TASK REQUIREMENTS >>
Directions for the data below: repeat exactly the lines from the one with "a living room" through the one with "a large bed", both included, and omit all pictures.
Start of DATASET RECORDS
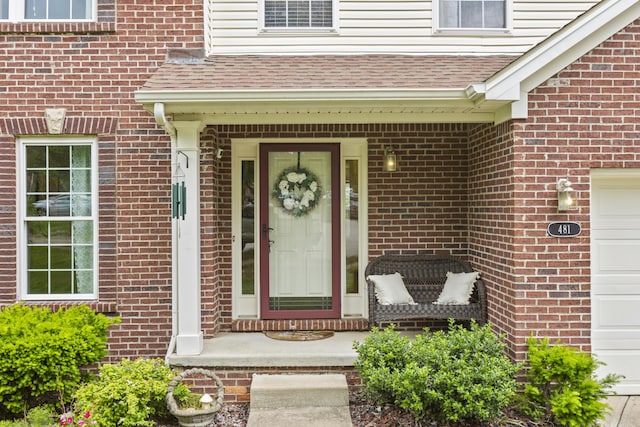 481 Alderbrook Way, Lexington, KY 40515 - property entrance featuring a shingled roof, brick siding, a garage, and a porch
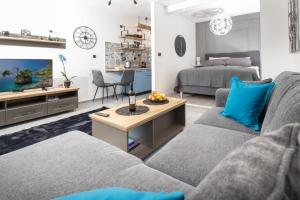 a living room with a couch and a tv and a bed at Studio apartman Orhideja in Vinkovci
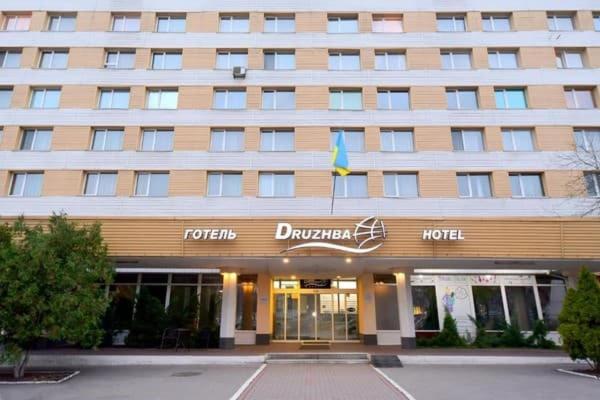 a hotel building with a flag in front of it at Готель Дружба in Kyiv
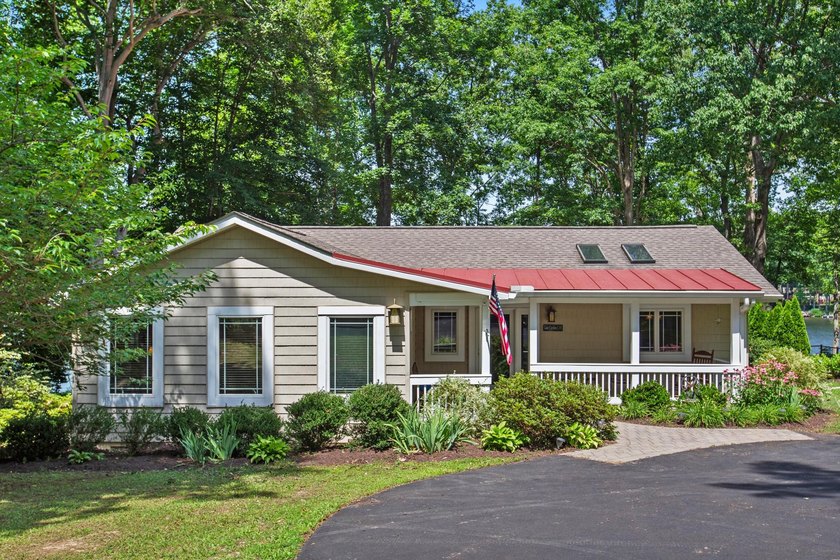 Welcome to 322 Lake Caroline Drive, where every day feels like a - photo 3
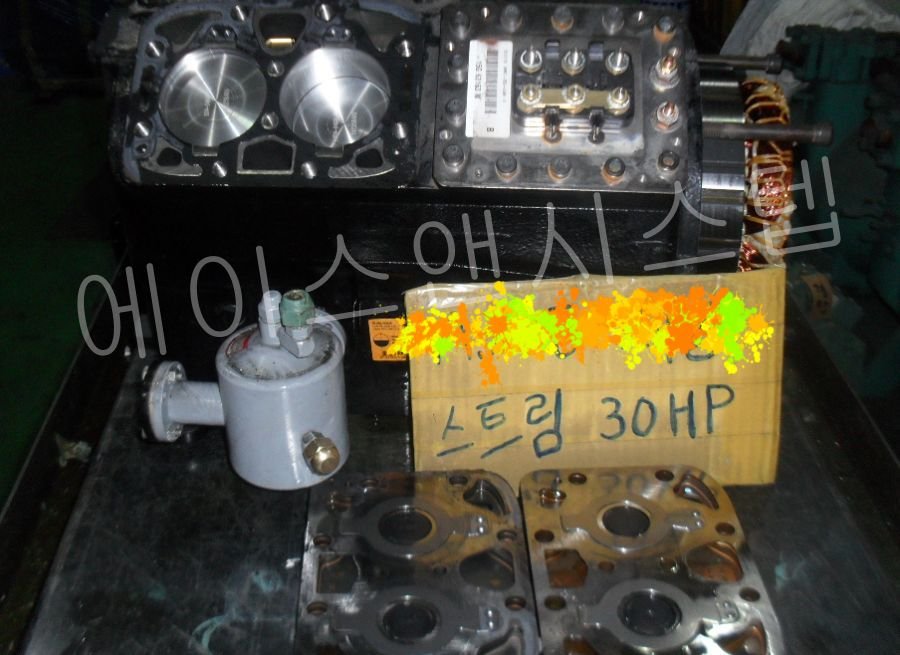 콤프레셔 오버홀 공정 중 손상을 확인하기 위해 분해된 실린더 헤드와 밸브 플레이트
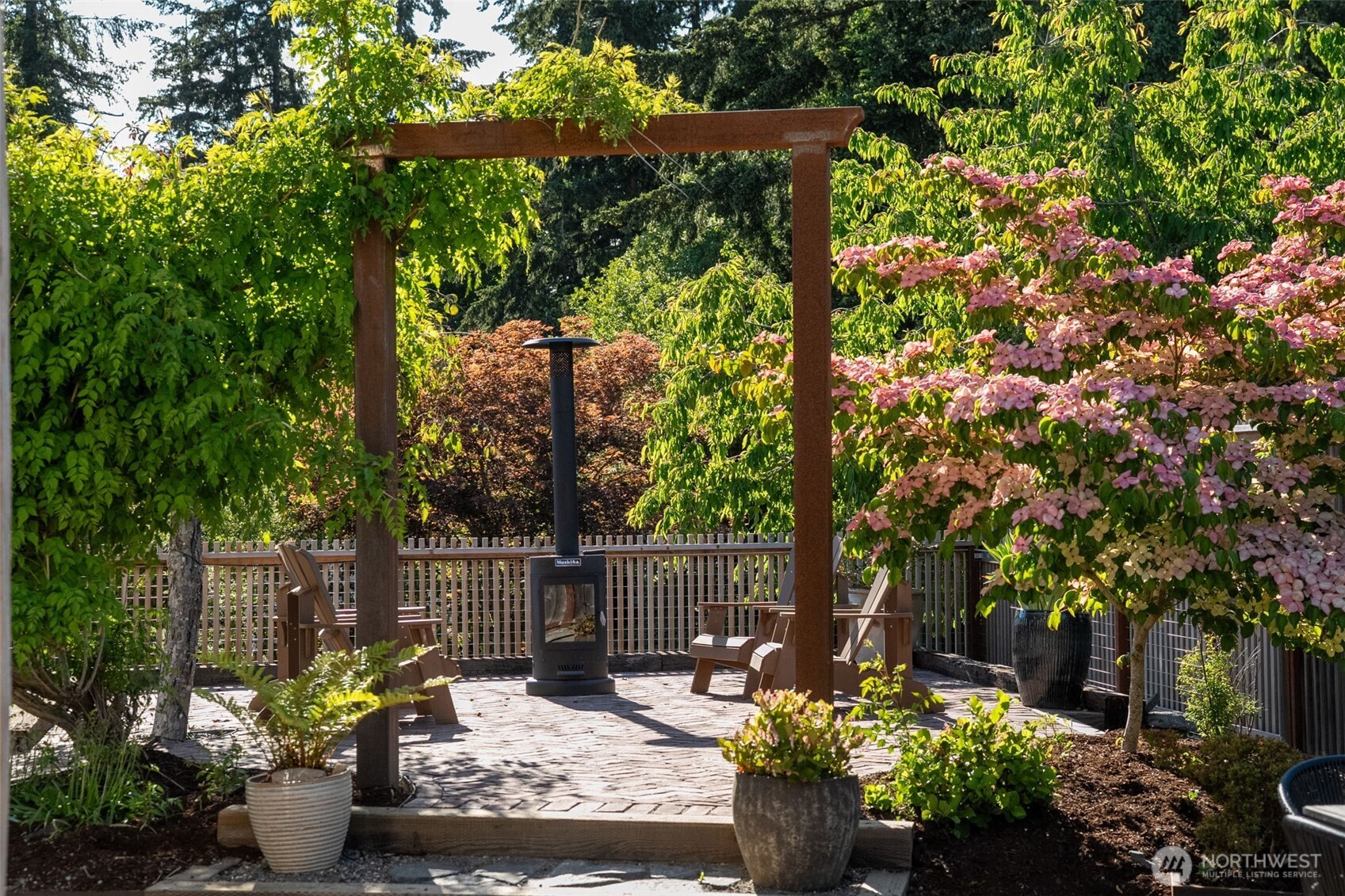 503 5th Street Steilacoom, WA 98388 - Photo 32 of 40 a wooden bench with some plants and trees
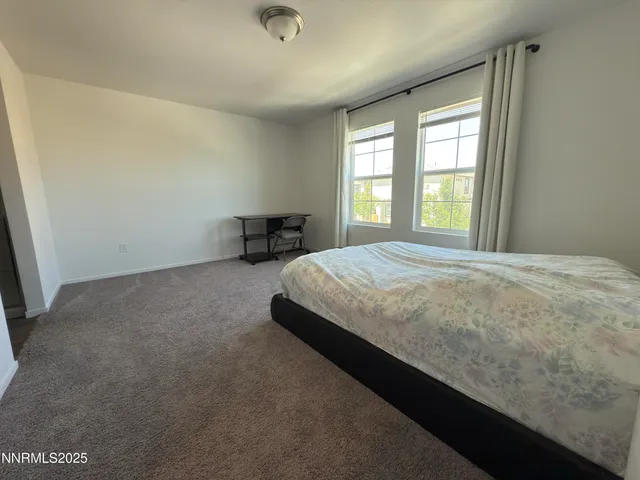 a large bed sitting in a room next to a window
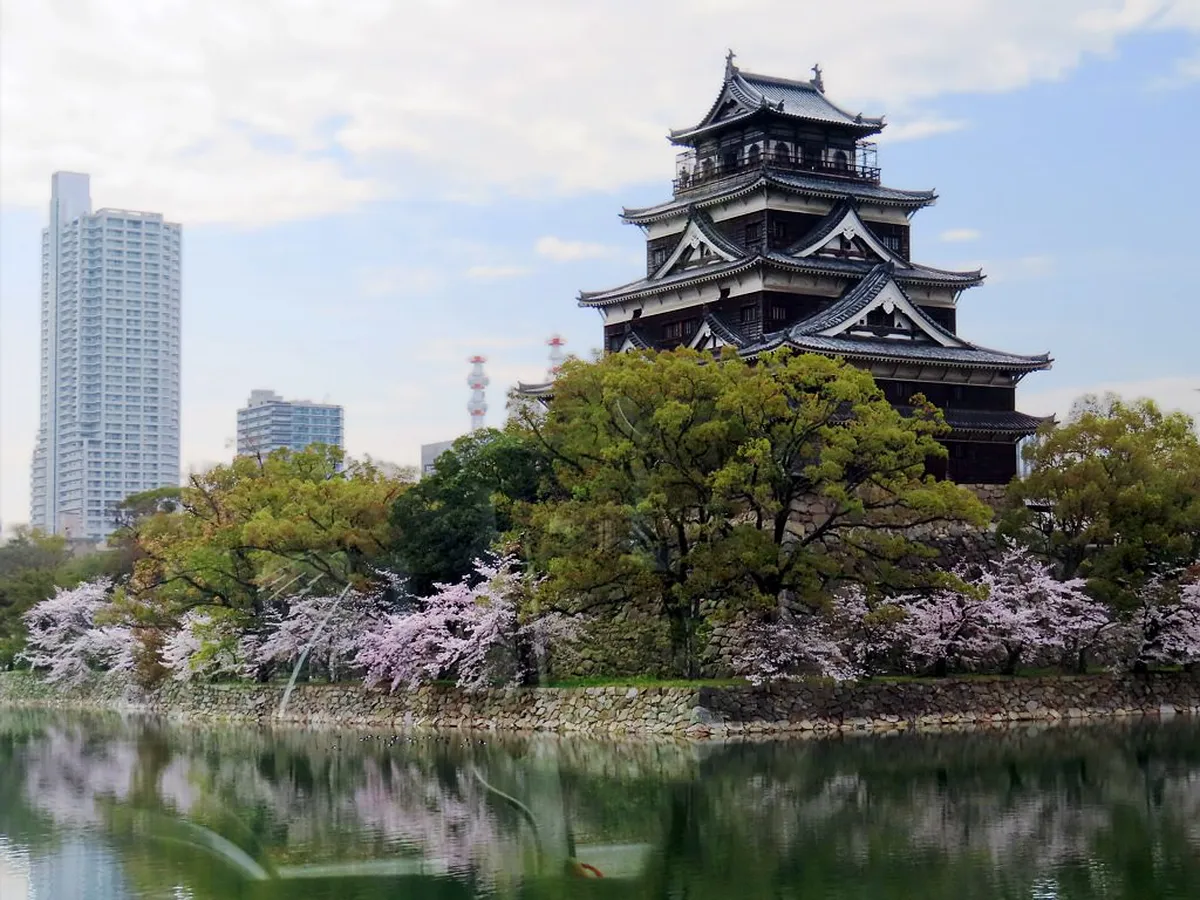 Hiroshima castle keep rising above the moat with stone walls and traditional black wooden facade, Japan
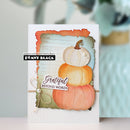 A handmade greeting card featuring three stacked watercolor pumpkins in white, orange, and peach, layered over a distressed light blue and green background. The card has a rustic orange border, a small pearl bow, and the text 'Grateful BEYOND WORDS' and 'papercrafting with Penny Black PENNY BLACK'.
End of DATASET RECORDS
ANSWER SPACE >>
 a living room with a couch and a tv and a bed at Studio apartman Orhideja in Vinkovci
 a hotel building with a flag in front of it at Готель Дружба in Kyiv
 Welcome to 322 Lake Caroline Drive, where every day feels like a - photo 3
 콤프레셔 오버홀 공정 중 손상을 확인하기 위해 분해된 실린더 헤드와 밸브 플레이트
 503 5th Street Steilacoom, WA 98388 - Photo 32 of 40 a wooden bench with some plants and trees
 a large bed sitting in a room next to a window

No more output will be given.